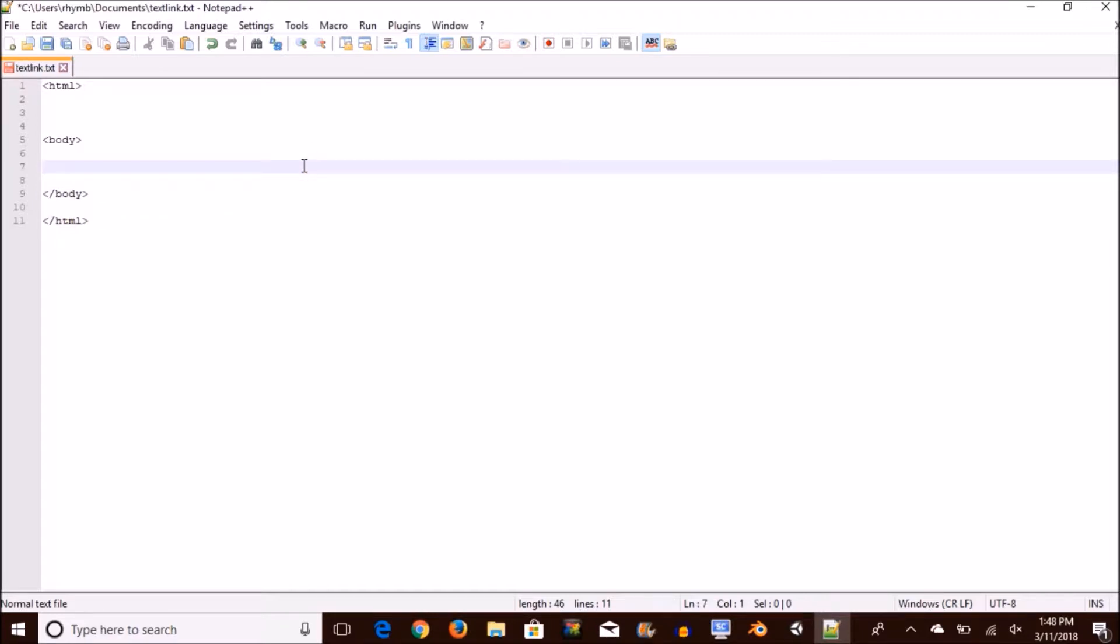So you're going to have to pay the most attention to this part. First, you want to open up a paragraph. This paragraph is optional. This is just the lead up to the actual link. So I want my sentence to say what is Rhymebill. So I'm just going to type in what is and then leave Rhymebill for the link part.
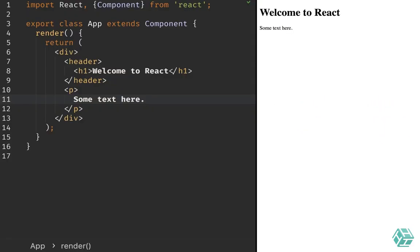Another great addition to React 16 is the support for portals. Portals provide a first-class way to render children into a DOM node that exists outside of the DOM hierarchy of the parent component. Let's explore this together as it provides a great way to support modals in your applications.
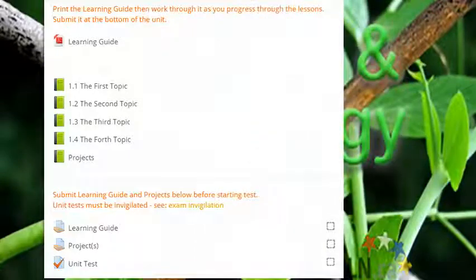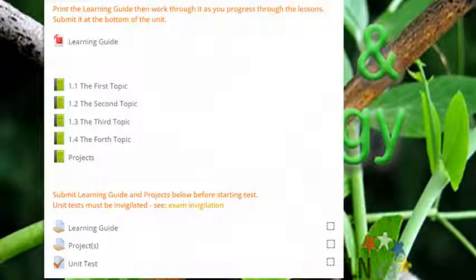Throughout the unit, you'll also find quizzes, assignments, tests, and/or projects. Instructions will precede all of these. Use them to help you improve and assess your learning.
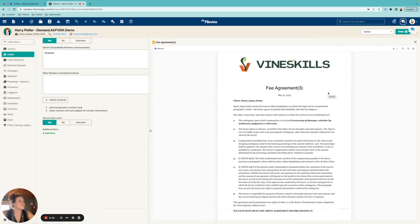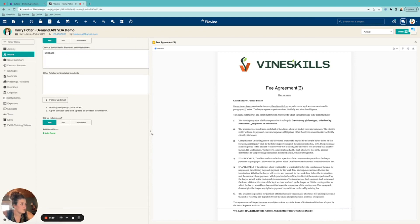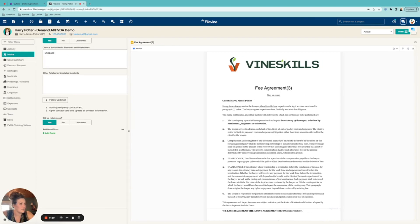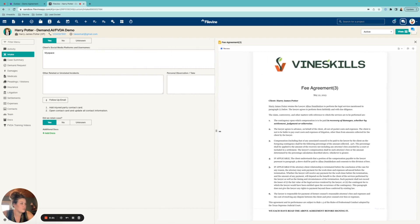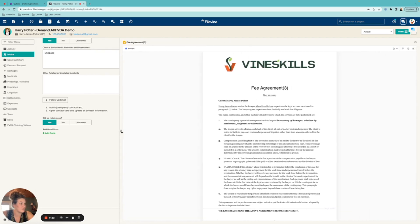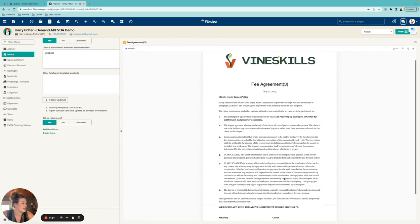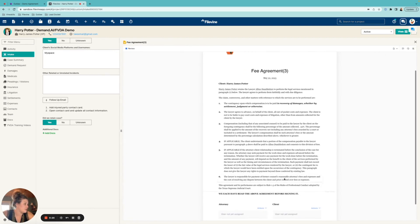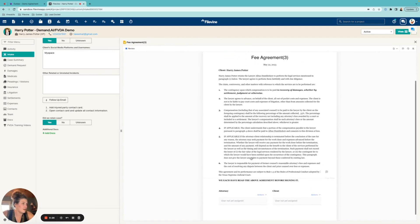First things first, you'll notice that we are working out of our FileVine. So we are using FVDA to generate this document. Now that we've opened it, we can control this and do a split screen because we are in FileVine.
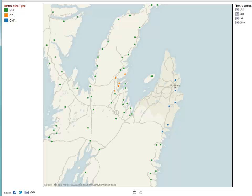Blue is urban — the CMAs. Orange is suburban — the CAs. And green areas are not within a metropolitan area, so they're all considered rural. Currently about 92% of our postal codes fall within a CMA or CA metropolitan area, but this area is mostly very remote on this map, so you'll mostly see rural areas.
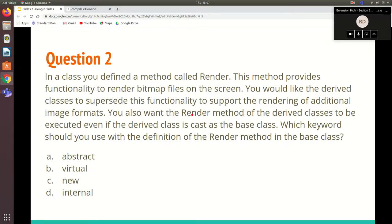Question two is a bit more difficult. In a class, you defined a method called render. This method provides functionality to render bitmap files on the screen — ignore that second sentence, it's just to throw you off. You would like the derived classes to supersede this functionality to support the rendering of additional image formats. Which keywords should you use with the definition of the render method in the base class?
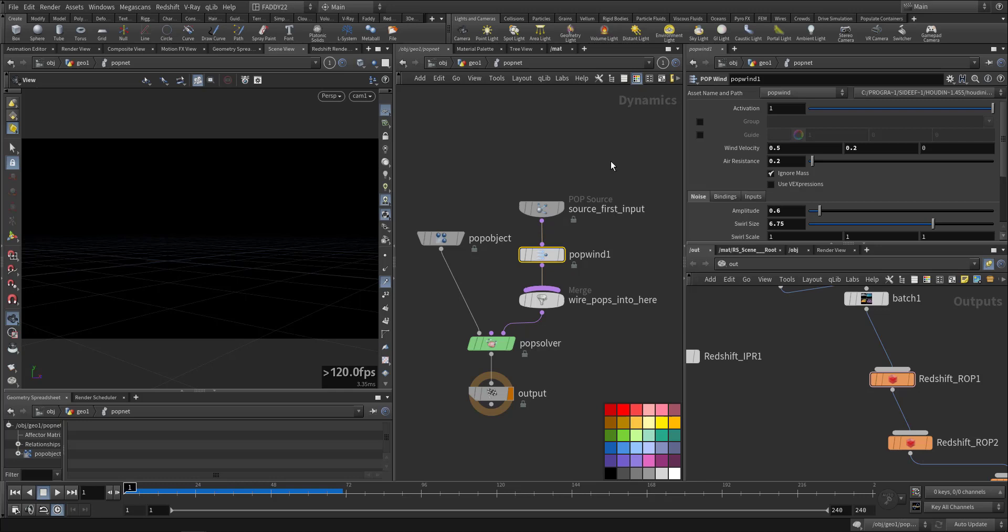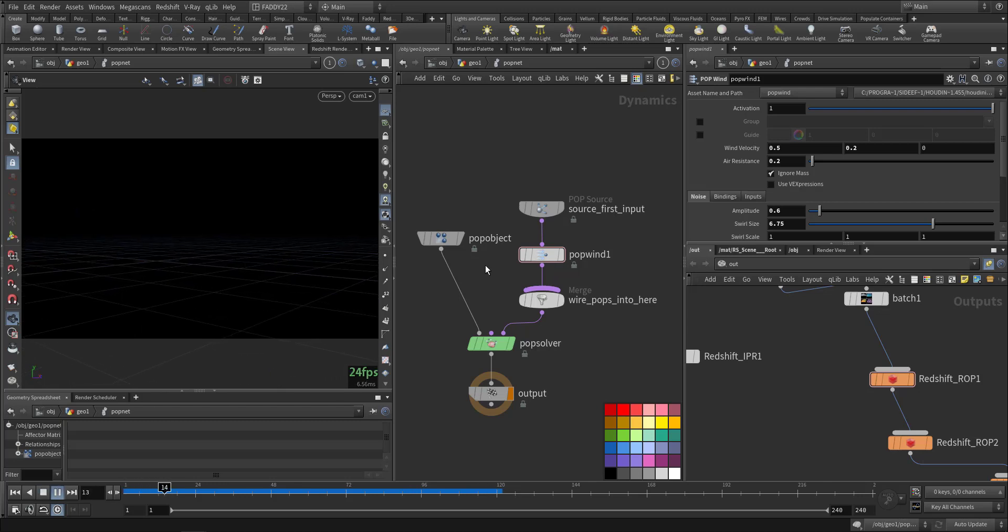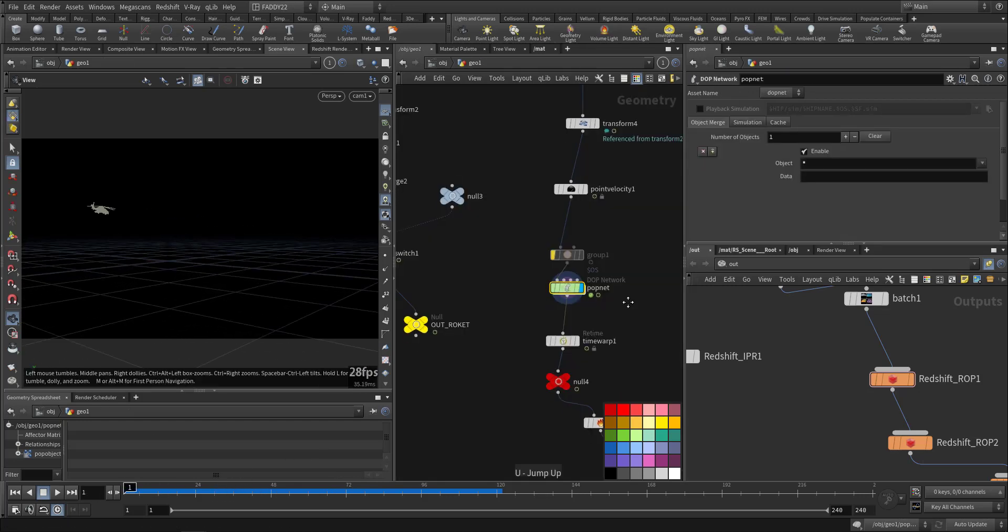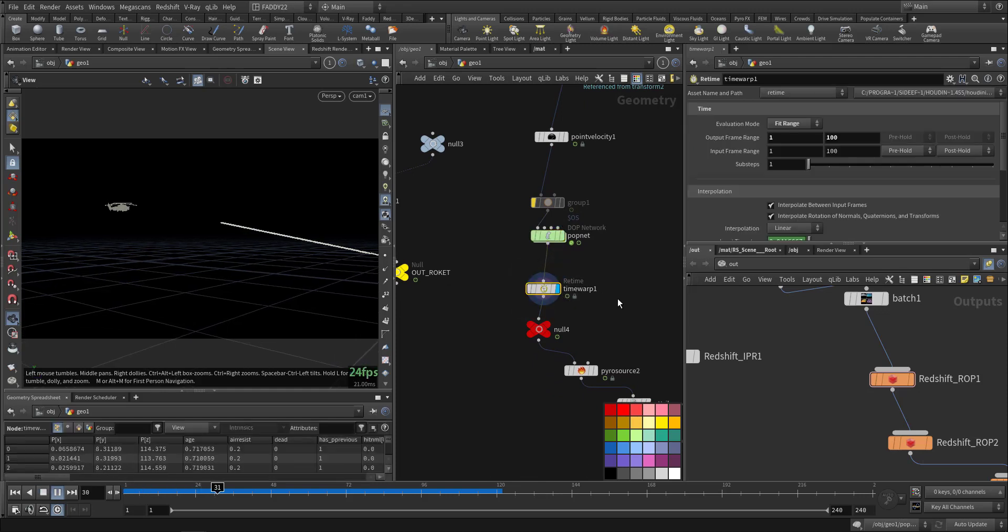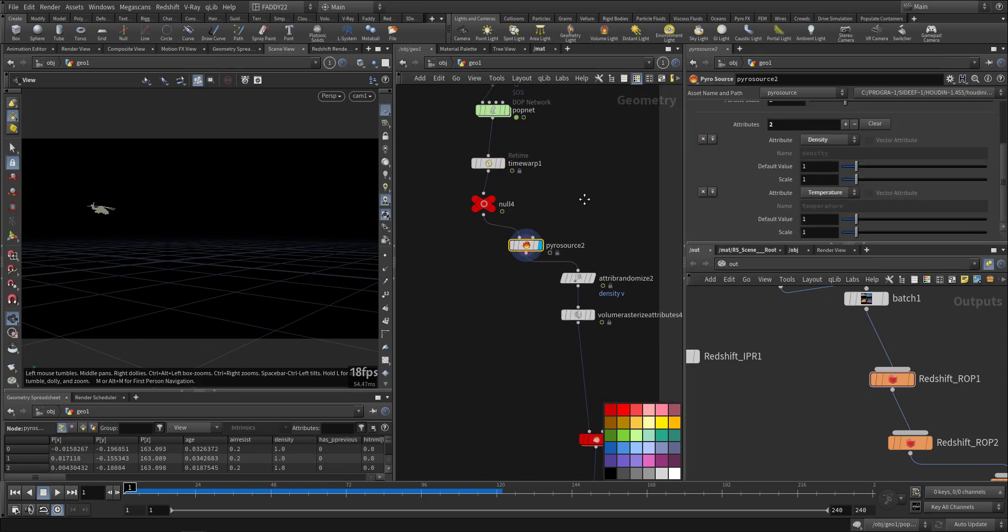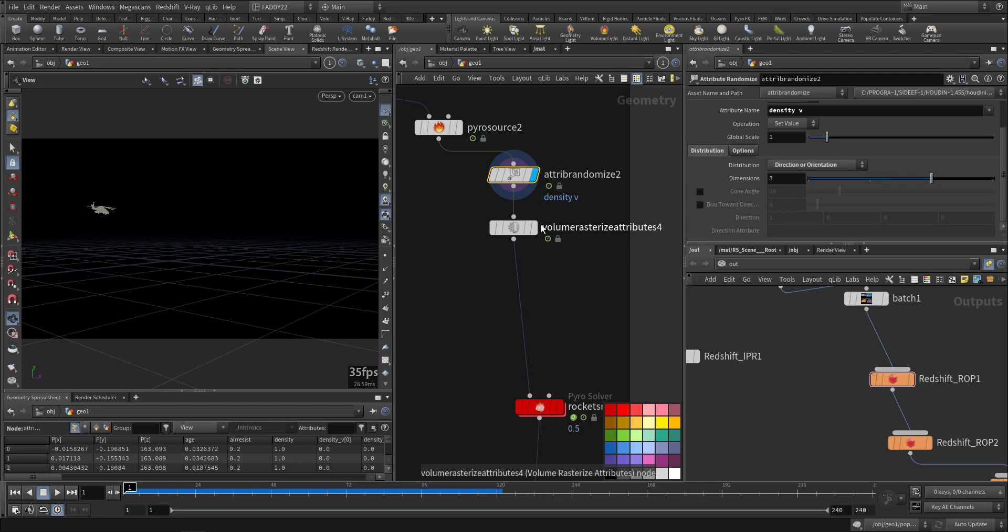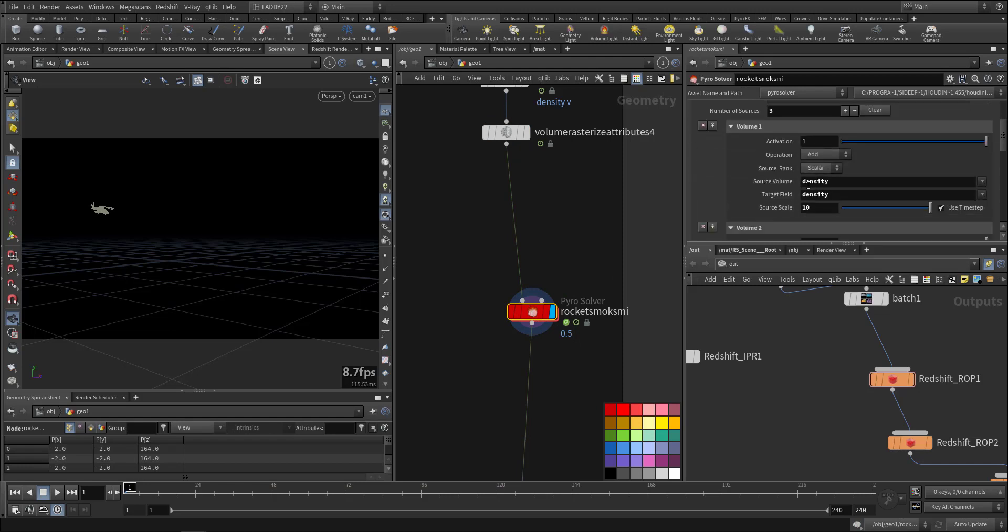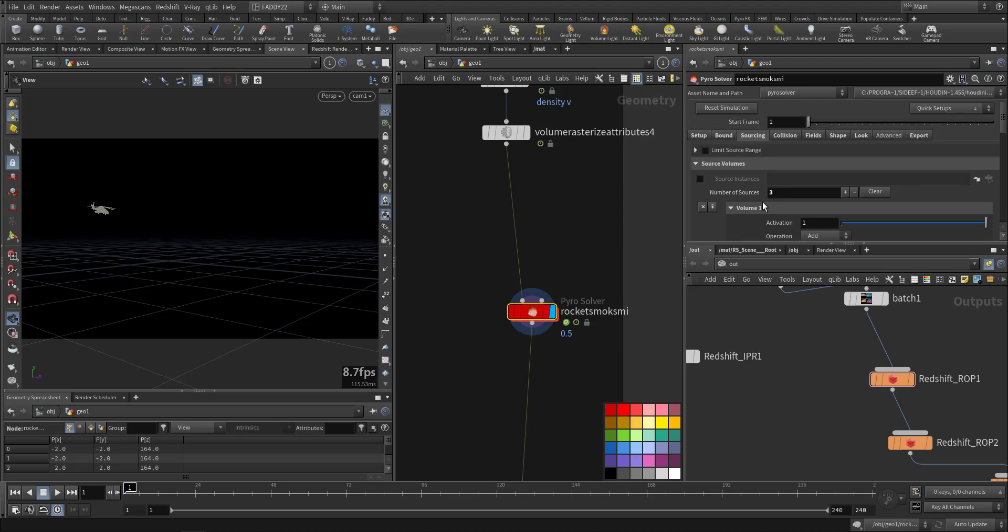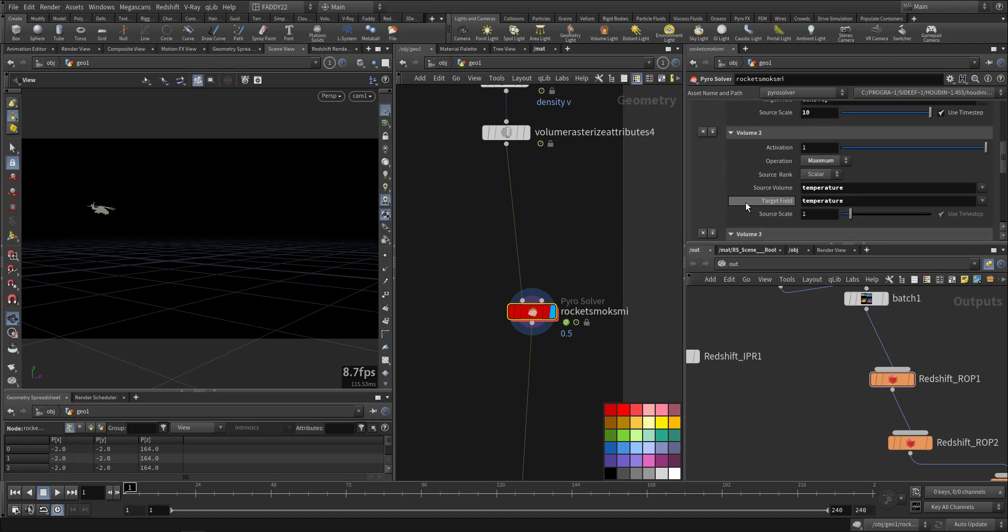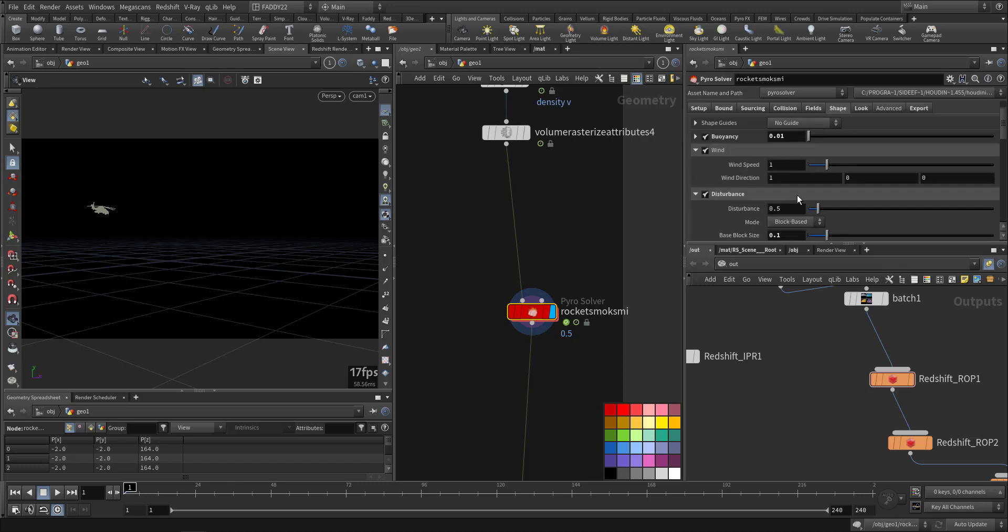This will be the source for my pyro smoke. I added a Time Warp so I can fill up in-between frames. In the pyro source, I'm creating density and temperature only, randomizing it a little bit. In the pyro solver, I'm adding density, temperature, and velocity—no collision, dissipation, consumption, turbulence, and wind.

Exercise brief: Without the pictures, return all the entries above exactly as they stand.

Exercise answer:
So you're going to have to pay the most attention to this part. First, you want to open up a paragraph. This paragraph is optional. This is just the lead up to the actual link. So I want my sentence to say what is Rhymebill. So I'm just going to type in what is and then leave Rhymebill for the link part.
Another great addition to React 16 is the support for portals. Portals provide a first-class way to render children into a DOM node that exists outside of the DOM hierarchy of the parent component. Let's explore this together as it provides a great way to support modals in your applications.
Throughout the unit, you'll also find quizzes, assignments, tests, and/or projects. Instructions will precede all of these. Use them to help you improve and assess your learning.
First things first, you'll notice that we are working out of our FileVine. So we are using FVDA to generate this document. Now that we've opened it, we can control this and do a split screen because we are in FileVine.
Blue is urban — the CMAs. Orange is suburban — the CAs. And green areas are not within a metropolitan area, so they're all considered rural. Currently about 92% of our postal codes fall within a CMA or CA metropolitan area, but this area is mostly very remote on this map, so you'll mostly see rural areas.
Question two is a bit more difficult. In a class, you defined a method called render. This method provides functionality to render bitmap files on the screen — ignore that second sentence, it's just to throw you off. You would like the derived classes to supersede this functionality to support the rendering of additional image formats. Which keywords should you use with the definition of the render method in the base class?
This will be the source for my pyro smoke. I added a Time Warp so I can fill up in-between frames. In the pyro source, I'm creating density and temperature only, randomizing it a little bit. In the pyro solver, I'm adding density, temperature, and velocity—no collision, dissipation, consumption, turbulence, and wind.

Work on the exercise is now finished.